I love serendipity tickets. With roughly 3 million tickets to Fenway on the market every year, there’s always a couple that need a good, last-minute home, and I am always happy to take them in.
I love booing. In modern American life, we’re expected to be happy all the time, or at least, nonconfrontational. If you’re at a work meeting, you can’t stand up and yell, “You’re a bunch of bums!” (Although it might make the meeting more interesting.) But at the ballpark, one can boo, and boo lustily. I love this about baseball.
I love rookies. I love that every year, there is a new crop of cocky, unspoiled youngsters who only have a mild idea what they’re doing, and that every year, a handful of them leave us slack-jawed in amazement.

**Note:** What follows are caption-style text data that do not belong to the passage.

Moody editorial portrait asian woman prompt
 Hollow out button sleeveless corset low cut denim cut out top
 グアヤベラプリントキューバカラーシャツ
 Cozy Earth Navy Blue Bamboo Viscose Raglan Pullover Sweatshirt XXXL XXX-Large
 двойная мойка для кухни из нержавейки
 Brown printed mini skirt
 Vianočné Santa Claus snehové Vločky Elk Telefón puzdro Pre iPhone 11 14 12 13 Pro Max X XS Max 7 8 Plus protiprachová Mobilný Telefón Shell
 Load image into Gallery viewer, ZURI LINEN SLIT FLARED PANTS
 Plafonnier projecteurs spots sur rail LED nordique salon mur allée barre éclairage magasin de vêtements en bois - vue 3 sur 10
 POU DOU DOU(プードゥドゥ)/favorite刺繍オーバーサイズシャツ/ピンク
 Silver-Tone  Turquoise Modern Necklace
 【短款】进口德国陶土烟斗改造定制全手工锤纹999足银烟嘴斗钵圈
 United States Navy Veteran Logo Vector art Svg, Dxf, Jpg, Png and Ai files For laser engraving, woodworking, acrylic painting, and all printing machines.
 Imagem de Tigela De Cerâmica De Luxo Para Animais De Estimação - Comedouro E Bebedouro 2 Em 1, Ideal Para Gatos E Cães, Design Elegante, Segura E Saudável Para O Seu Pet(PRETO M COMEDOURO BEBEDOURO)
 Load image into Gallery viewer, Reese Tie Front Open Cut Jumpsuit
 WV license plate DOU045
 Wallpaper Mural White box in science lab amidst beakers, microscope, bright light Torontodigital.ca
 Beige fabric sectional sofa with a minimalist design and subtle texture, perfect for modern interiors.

I love 10-pitch at-bats when you’ve got a real boxing match going back and forth between pitcher and batter. The batter is fouling ’em off, and the pitcher is mixing it up. And they’re going back and forth until suddenly you’re either watching a bases-clearing line drive or a vicious backdoor slider for a called strike three.
I love baseball fights. I love bench-clearing brawls when the relievers sprint in from the bullpen. I love how the players all sort of mill around trying to look tough. And I love a good manager-umpire fight, when the manager is kicking the dirt and throwing his hat, and suddenly the umpire rears back and ejects him. Only in baseball do you see old men argue this way.
I love the uniforms. A baseball uniform is a quirky thing — grown men are expected to wear stirrups, tapered stretch pants, something that looks like a pajama top, a belt, cleats and a cap. And yet somehow, together, it works.
I love breaking balls. Yes, fastballs are all macho and badass, especially when they’re mid-to-high 90s with late life. But a well-executed breaking pitch — like the aforementioned backdoor slider or a knee-buckling curveball — is a thing of skill and beauty.
I love baseball on the radio. Some people only fully relax when they hear Mozart, or the ocean or an “Om.” For me, baseball on the radio is like all of these put together, but with beer added.
But mostly, what I love about baseball is that a day with baseball is always — always — better than a day without it.